How do you write an equation of a line going through $(0,7),(3,5)$?

Answer 1

Hint: Use the equation of a line using two points formula. Firstly, find the slope by dividing the difference of $y$ coordinates with the difference of $x$-coordinates and then substitute the values of the given coordinates in the formula and evaluate it in order to get a linear equation in two variables.

Formulas used:
The formula for finding slope when two points are given is,$m = \dfrac{{({y_2} - {y_1})}}{{({x_2} - {x_1})}}$
The formula for finding the equation of a line for two points is,
$({y_{}} - {y_1}) = m({x_{}} - {x_1})$

Complete step-by-step answer:
The given coordinates are $(0,7),(3,5)$
Let us give it a notation as,
${x_1} = 0;{y_1} = 7$
${x_2} = 3;{y_2} = 5$
Firstly, we find the slope for the given coordinates.
We use the formula, $m = \dfrac{{({y_2} - {y_1})}}{{({x_2} - {x_1})}}$
On substituting,
$ \Rightarrow m = \dfrac{{(5 - 7)}}{{(3 - 0)}}$
On further evaluation,
$ \Rightarrow m = \dfrac{{ - 2}}{3}$
Now, we use the two point-line formula to get the line equation.
The formula for it is,$(y - {y_1}) = m(x - {x_1})$
Now, substitute the values of $m,{x_1},{y_1}$
$ \Rightarrow (y - 7) = \dfrac{{ - 2}}{3}(x - 0)$
Continue simplifying,
$ \Rightarrow y - 7 = \dfrac{{ - 2(x)}}{3}$
Multiply both the sides of the equation with $3$,
$ \Rightarrow 3(y - 7) = \dfrac{{ - 2x}}{3}(3)$
$ \Rightarrow 3y - 21 = - 2x$
On regrouping the terms,
$ \Rightarrow 2x + 3y = 21$
Representing it in slope-intercept form,
$ \Rightarrow y = \dfrac{{ - 2x}}{3} + 7$
where $7$ is the $y$ intercept.

$\therefore $The line equation formed by two coordinates $(0,7),(3,5)$ is $2x + 3y = 21$.
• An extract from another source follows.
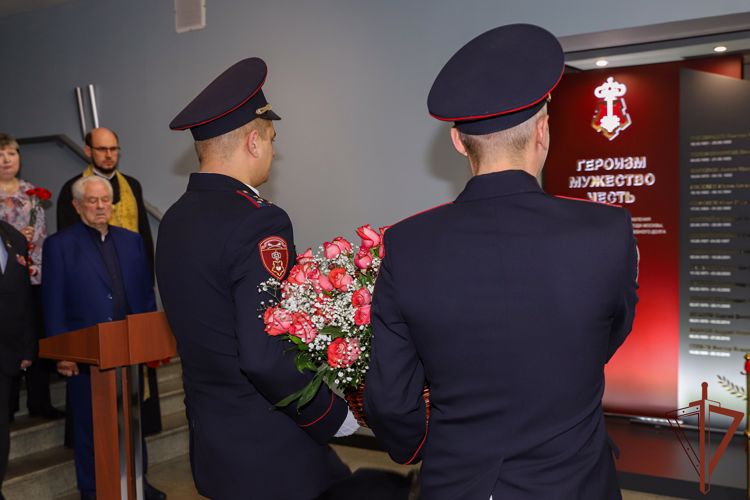 В Главном управлении Росгвардии по городу Москве почтили память погибших при исполнении служебного долга коллег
Additional information: The slope of a line is the steepness of a line in a horizontal or vertical direction. The slope of a line can be calculated by taking the ratio of the change in vertical dimensions upon the change in horizontal dimensions.

Note:
While substituting values in any formula one must check if the values are correctly placed in their respective positions or else it would lead to negative values or incorrect values which has a huge impact on the graphical representation of the equations.